Macdonald is in Arizona to attend sniper school – at which Jesse, a sniper in Afghanistan and instructor at home, says things like “some people just need to be shot” – and to gain an insight into the experience of post-traumatic stress disorder among veterans. It’s pretty standard stuff for this kind of news magazine show – except for where the newsman and his subject do their bonding. The gruff Jessie takes Macdonald to a nail salon for a pedicure. It’s one of the former soldier’s favourite pastimes.
Surprises like this make The Truth Is? one of the most compelling bit of news programming to come to Australian TV in some time. And capturing those surprises was one of Macdonald’s goals from the start. “Your experience as a foreign reporter is a very human one,” says Macdonald, who worked for Al Jazeera English in Malaysia and London before coming to Channel Ten. “It’s often funny and there’s a heart. But I regretted that my experience [reporting] these stories was not really reflected in the final televised product – the format tends to strip away the colour, the texture and the richness, the people and the human experience that you have.”
Shooting between his gig hosting Ten’s late news and stints on The Project, making the series was gruelling, and not everything went according to plan. In the first episode, we get an insight into the frustrations of the journalistic process in Arizona as the production team struggles to track down one vet who’d previously committed to an interview (stay tuned to the end of the story to see what happened to him). It was important that that part of the process made the cut. “There’s a kind of conceit in the way that we tend to make television – it gets pre-packaged and formulaic,” says Macdonald. “And the reality of filming in all of these locations is that it never goes according to plan, it always turns to shit. I think people are media-savvy enough to know that it’s never perfect. So, where it works, where it helps the narrative and where it helps people understand the situation, we decided to leave it in.”

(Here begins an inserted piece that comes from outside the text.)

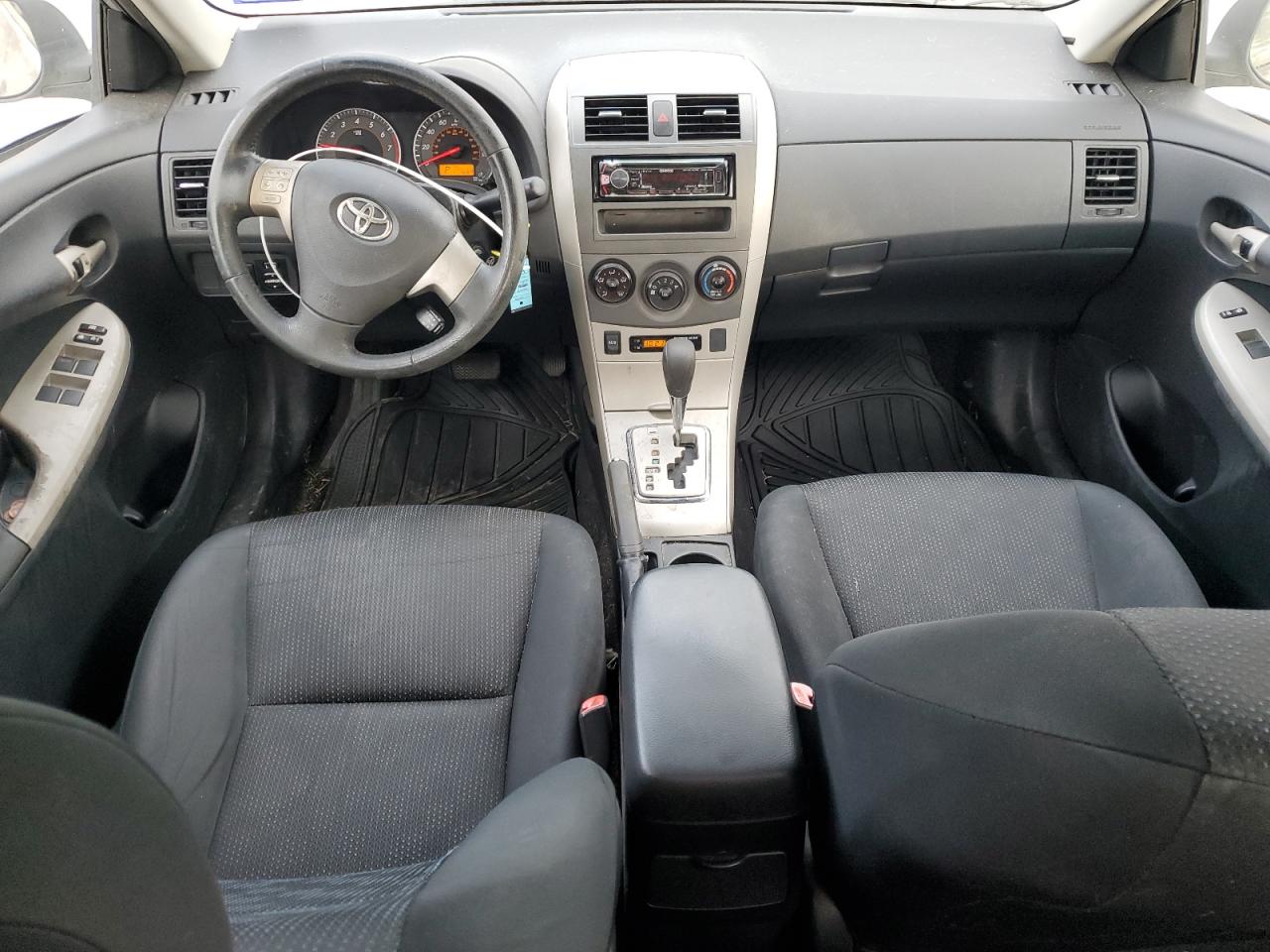 2010 Toyota Corolla VIN 2T1BU4EE2AC406636 Copart auction photo, all over / undercarriage damage thumbnail 8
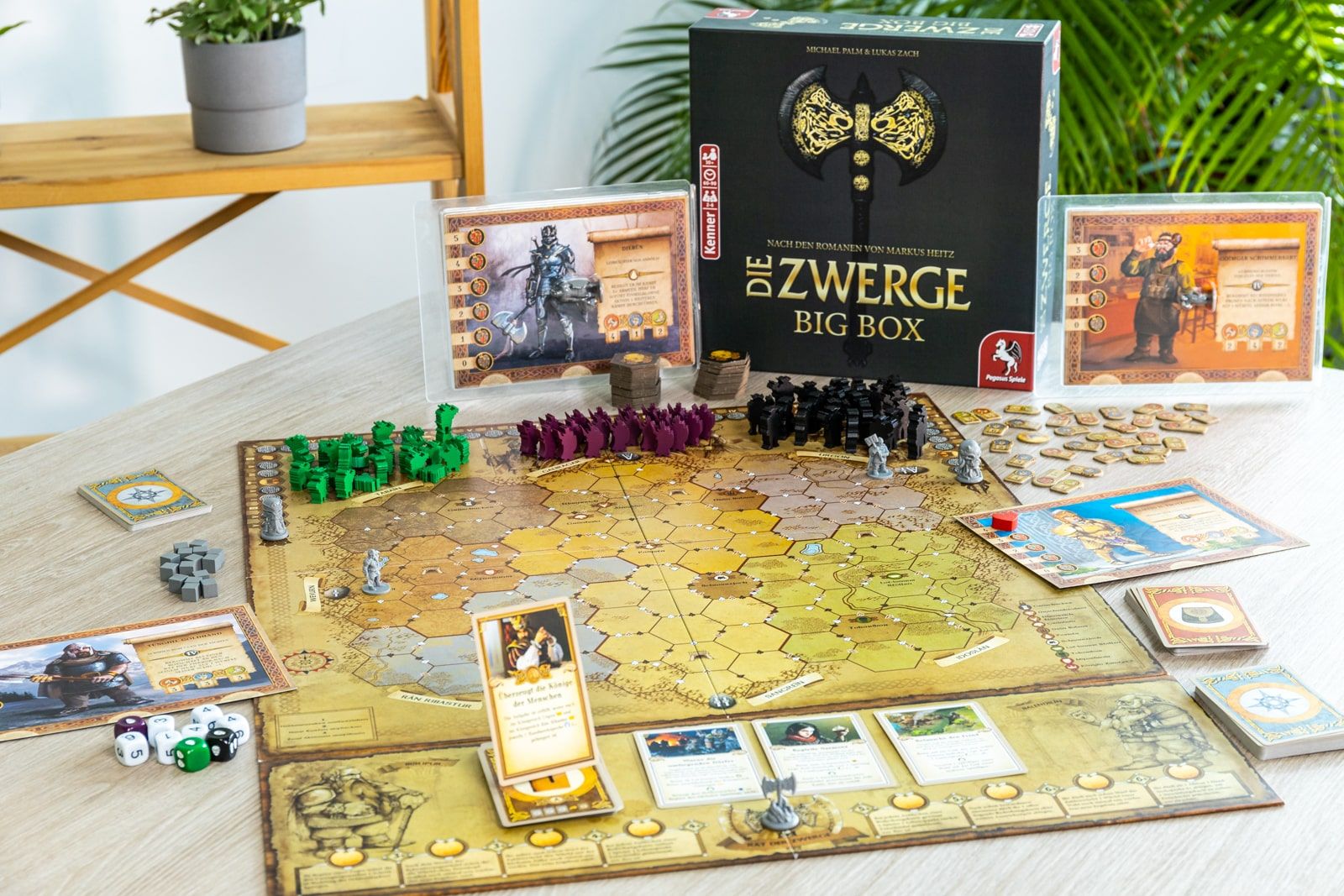 51933G Die Zwerge Big Box 8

Macdonald knows he opens himself up to criticisms from some corners of the journalism world for putting himself so squarely in the frame as he tells the story – similar criticisms have been levelled at journalists like CNN’s Anderson Cooper in the past, who blur the line between story maker and teller. While as a journalist with a very traditional background he admits he has “reservations”, Macdonald says he also has a responsibility to “engage people and get people interested in these stories with whatever vehicles are at our disposal.” And he’s quick to point out that this approach is nothing new.

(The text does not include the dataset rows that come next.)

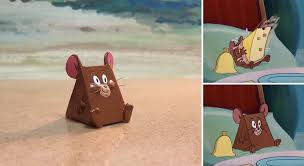 Tom and jerry is an american comedy slapstick cartoon series created in 1940 by william hanna and joseph barbera. Laughable High Jinks Of Cartoon Rivals Tom And Jerry Are Recreated Perfectly In Sculptures By Taku Inoue Colossal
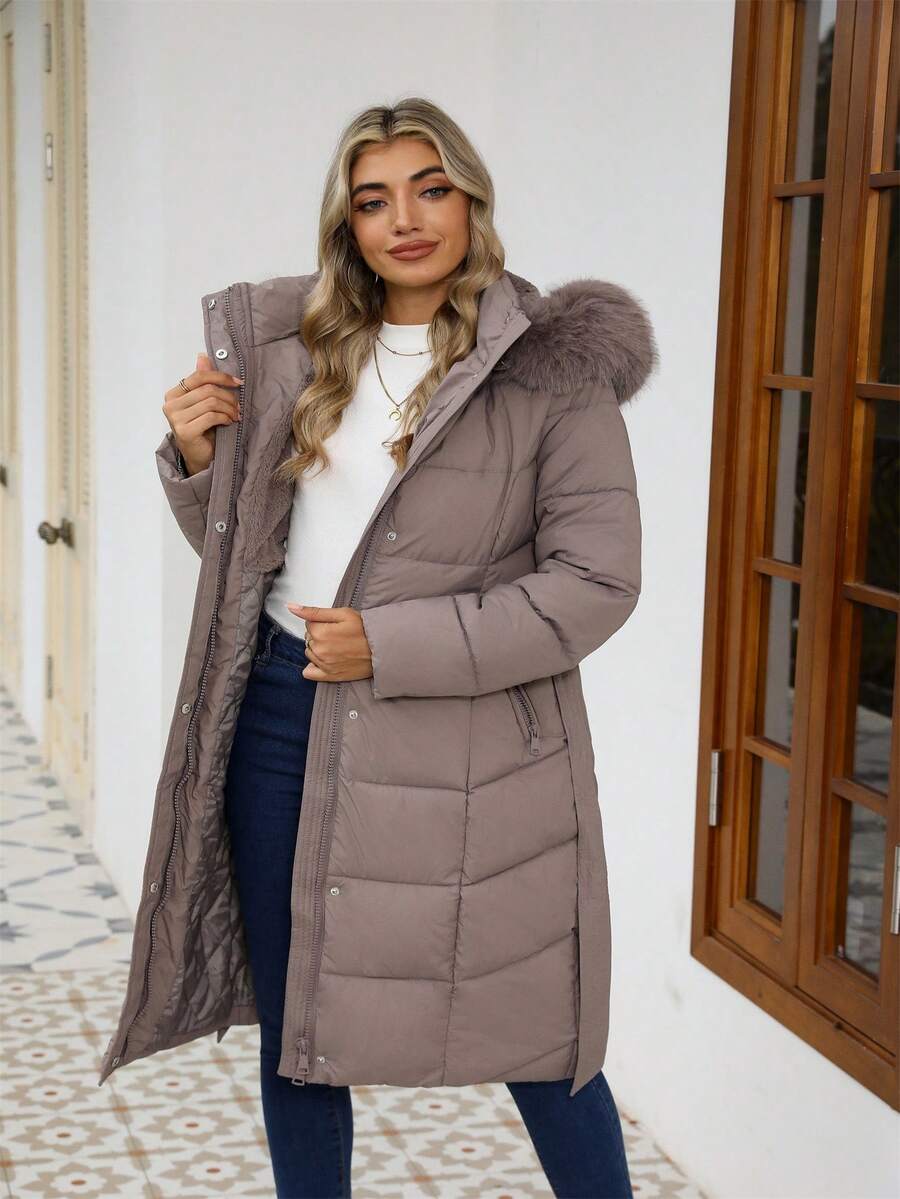 Women's Casual Hooded Jacket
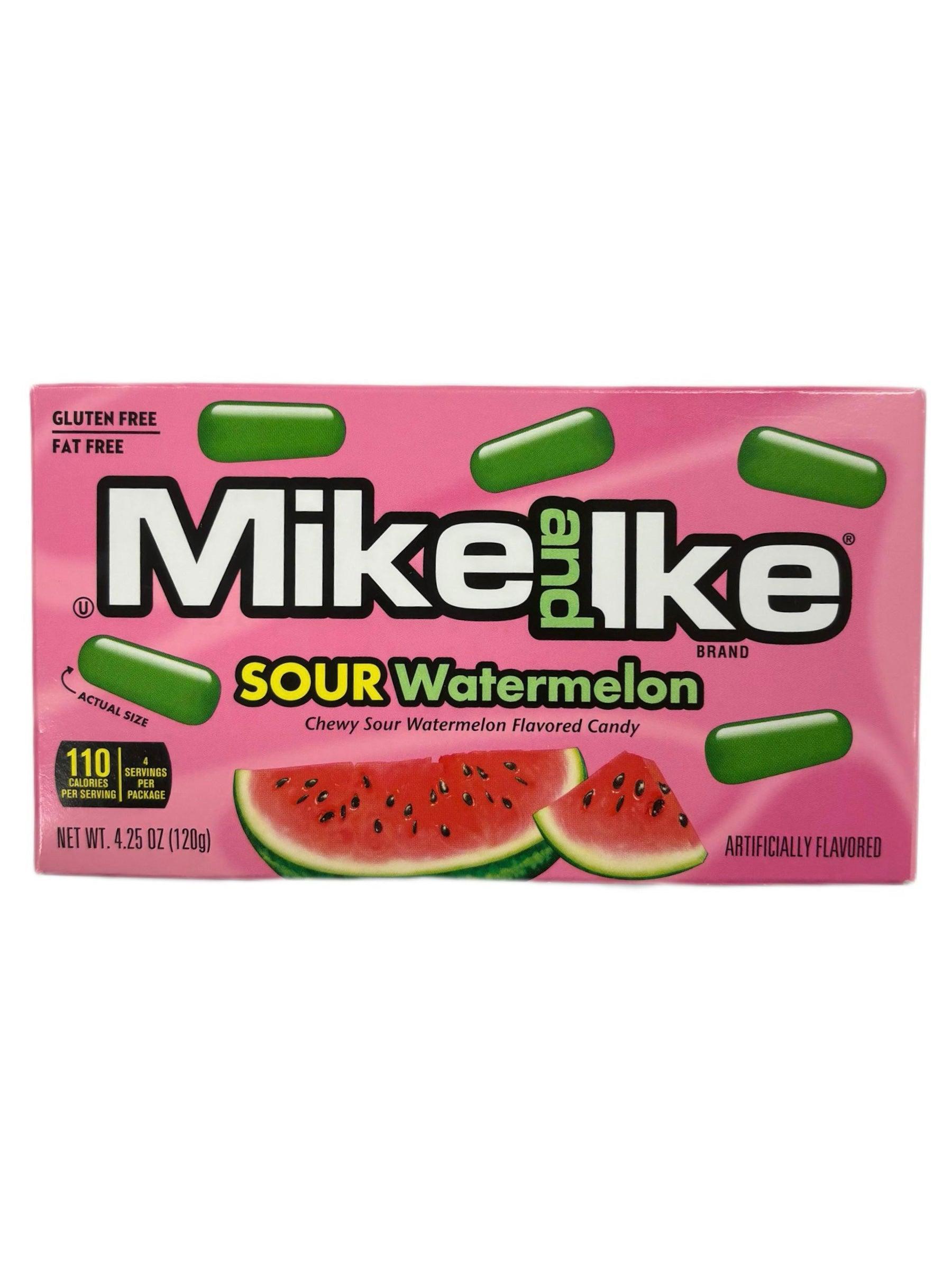 Mike and Ike Sour Watermelon 4.25OZ - U.S Edition - www.Shopthatapp.com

“People are always forgetting some of the history of television journalism. You go back and watch Four Corners in the 1970s and 1980s. When Chris Masters broke all those stories about Queensland and corruption and the Joh Bjelke Petersen affair, it’s not so different in style from this. I don’t think we’re reinventing the wheel.” And while Macdonald is certainly the story-leader on The Truth Is? – and some ladies will be delighted to know there’s a shot of him in his undies getting ready to suit up when he visits the Chernobyl nuclear reactor – he never puts himself at the story’s centre.

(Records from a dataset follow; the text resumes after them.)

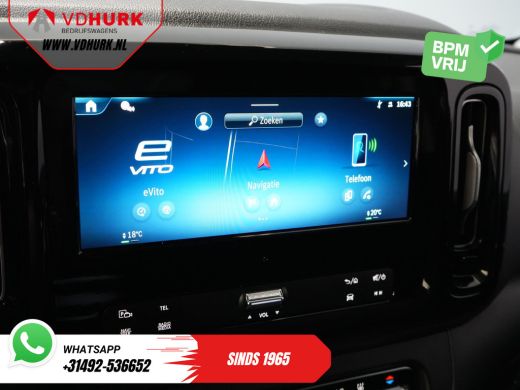 Mercedes-Benz eVito eVito L2 60 kWh 285 km WLTP Snellader/ LED/ Adapt.Cruise/ Stoelverw./ Carplay/ Camera/ PDC/ 17" LMV ActivLease financial lease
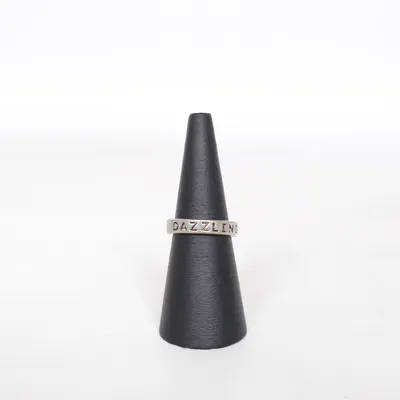 Bague (Gris) de Dazzling Métal inconnu
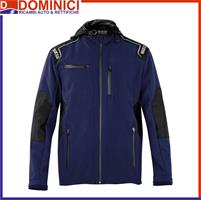 SPARCO GIACCA SOFT SHELL TECH SEATTLE (BLU MARINO)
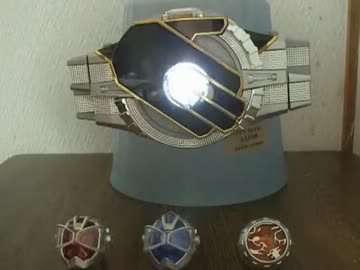 【仮面ライダー】DXウィザードライバー操作音いろいろ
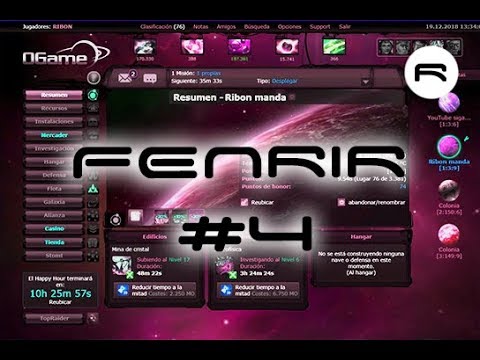 Fenrir #4 || Scripts ||Tutorial-Ogame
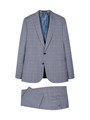 Костюм в клетку Paul Smith Soho-Fit из 100% шерсти, быстро высыхает, произведен в Португалии 11035383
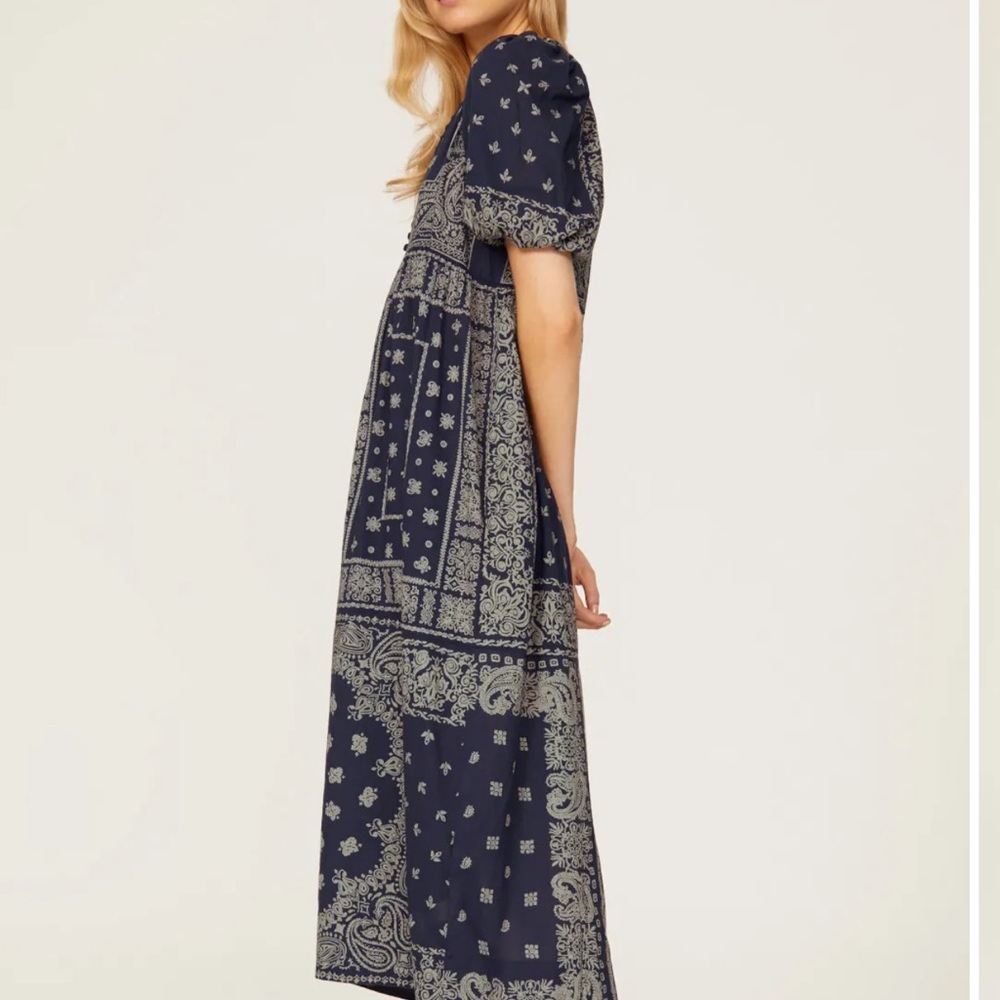 The Great The Ravine Bandana Dress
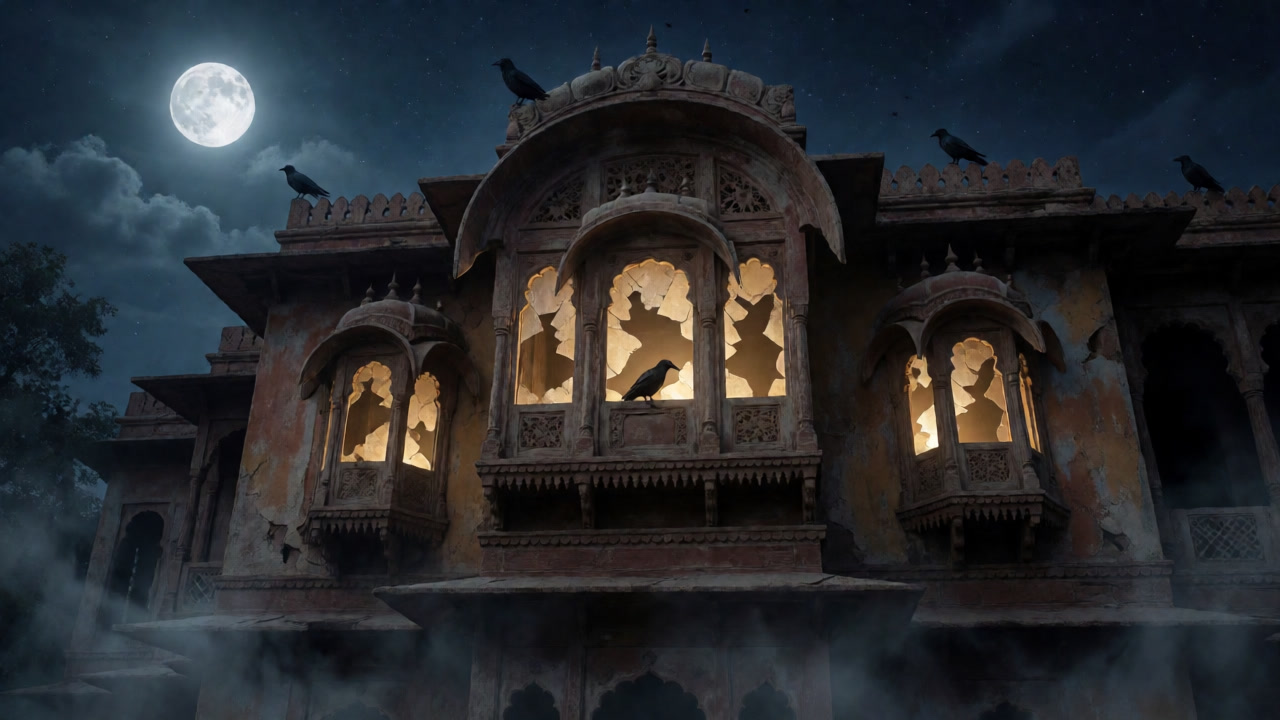 Cover for The Last Night of the Haveli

That spot is reserved for people like Jesse, who left an indelible impression on Macdonald. When he met the Arizonan, he wondered what he’d have in common with a former sniper who believed the president was a Muslim. After eight days with him – and a pedicure – they’d formed a tight bond. When we spoke with Macdonald for this story, he was waiting on a DVD of Chopper he’d ordered to send over to the big Mark Reid fan, along with a copy of The Truth Is?’s first episode. And one more thing: “He gave me a lot of shit about wearing skinny jeans, so I sent him a pair in the care package.”
The Truth Is? starts Monday June 3, 8.30pm on Channel 10.